Design Principles of Concentration-Dependent Transcriptome Deviations in Drug-Exposed Differentiating Stem Cells
datasetposted on 2015-12-17, 01:03 authored by Tanja Waldmann, Eugen Rempel, Nina V. Balmer, André König, Raivo Kolde, John Antonydas Gaspar, Margit Henry, Jürgen Hescheler, Agapios Sachinidis, Jörg Rahnenführer, Jan G. Hengstler, Marcel Leist
Information on design principles governing transcriptome changes upon transition from safe to hazardous drug concentrations or from tolerated to cytotoxic drug levels are important for the application of toxicogenomics data in developmental toxicology.
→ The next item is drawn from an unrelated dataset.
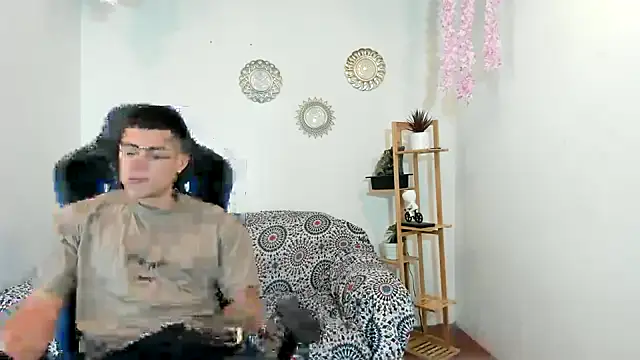 oliverhot2005 online show from 09-20-25, 08:54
Here, we tested the effect of eight concentrations of valproic acid (VPA; 25–1000 μM) in an assay that recapitulates the development of human embryonic stem cells to neuroectoderm. Cells were exposed to the drug during the entire differentiation process, and the number of differentially regulated genes increased continuously over the concentration range from zero to about 3000. We identified overrepresented transcription factor binding sites (TFBS) as well as superordinate cell biological processes, and we developed a gene ontology (GO) activation profiler, as well as a two-dimensional teratogenicity index. Analysis of the transcriptome data set by the above biostatistical and systems biology approaches yielded the following insights: (i) tolerated (≤25 μM), deregulated/teratogenic (150–550 μM), and cytotoxic (≥800 μM) concentrations could be differentiated. (ii) Biological signatures related to the mode of action of VPA, such as protein acetylation, developmental changes, and cell migration, emerged from the teratogenic concentrations range. (iii) Cytotoxicity was not accompanied by signatures of newly emerging canonical cell death/stress indicators, but by catabolism and decreased expression of cell cycle associated genes. (iv) Most, but not all of the GO groups and TFBS seen at the highest concentrations were already overrepresented at 350–450 μM. (v) The teratogenicity index reflected this behavior, and thus differed strongly from cytotoxicity. Our findings suggest the use of the highest noncytotoxic drug concentration for gene array toxicogenomics studies, as higher concentrations possibly yield wrong information on the mode of action, and lower drug levels result in decreased gene expression changes and thus a reduced power of the study.